## RECORDS SHOWN

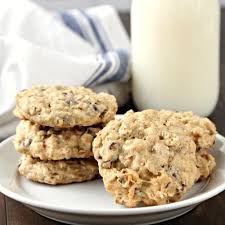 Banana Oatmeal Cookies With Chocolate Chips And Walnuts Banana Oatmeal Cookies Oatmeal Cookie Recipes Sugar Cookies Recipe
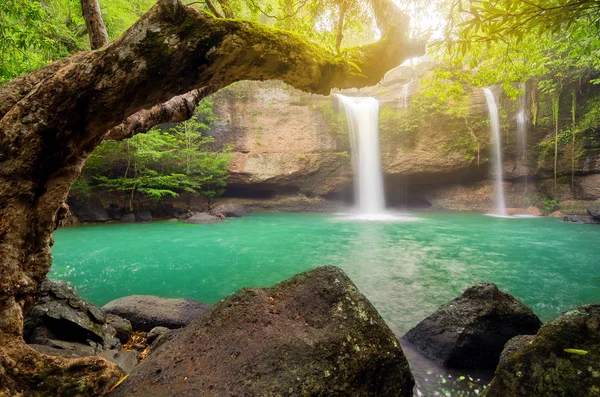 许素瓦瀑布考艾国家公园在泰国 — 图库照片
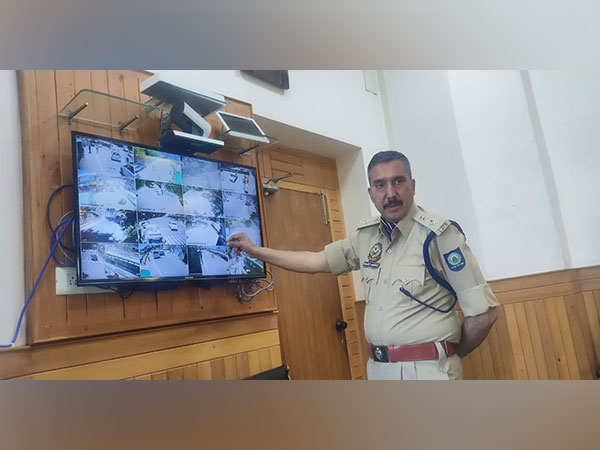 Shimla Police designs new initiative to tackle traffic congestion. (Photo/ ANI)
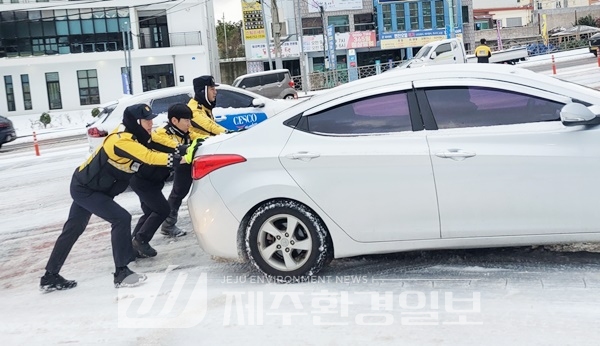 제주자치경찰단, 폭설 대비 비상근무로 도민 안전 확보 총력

==

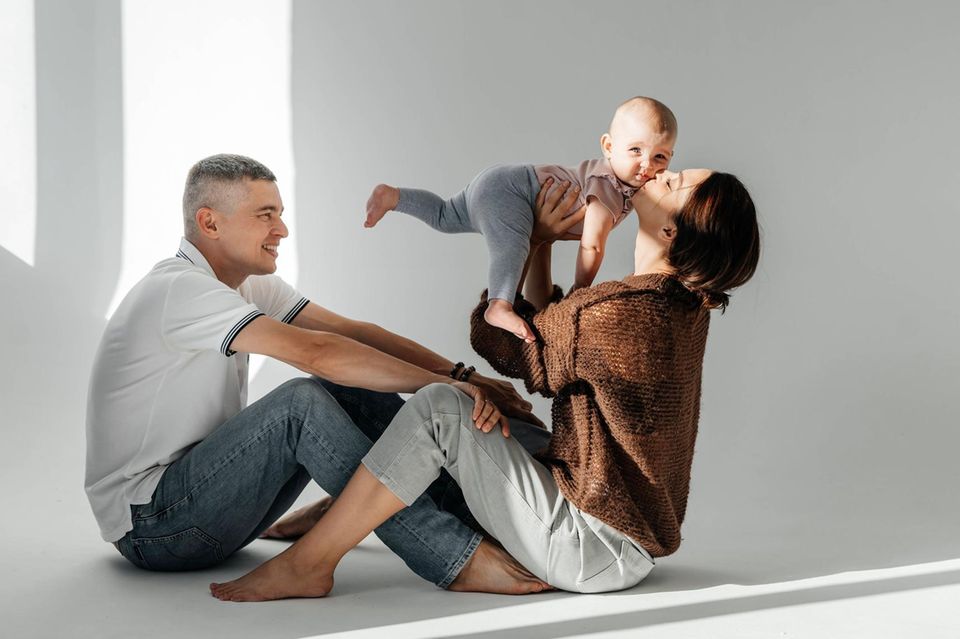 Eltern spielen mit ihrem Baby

## WORK REQUIRED
What you return from the records above should be exactly everything from the line with "Banana Oatmeal Cookies With" down to the line with "제주자치경찰단, 폭설 대비 비상근무로 도민 안전 확보 총력", both kept, and no pictures.

## OUTPUT BELOW
 Banana Oatmeal Cookies With Chocolate Chips And Walnuts Banana Oatmeal Cookies Oatmeal Cookie Recipes Sugar Cookies Recipe
 许素瓦瀑布考艾国家公园在泰国 — 图库照片
 Shimla Police designs new initiative to tackle traffic congestion. (Photo/ ANI)
 제주자치경찰단, 폭설 대비 비상근무로 도민 안전 확보 총력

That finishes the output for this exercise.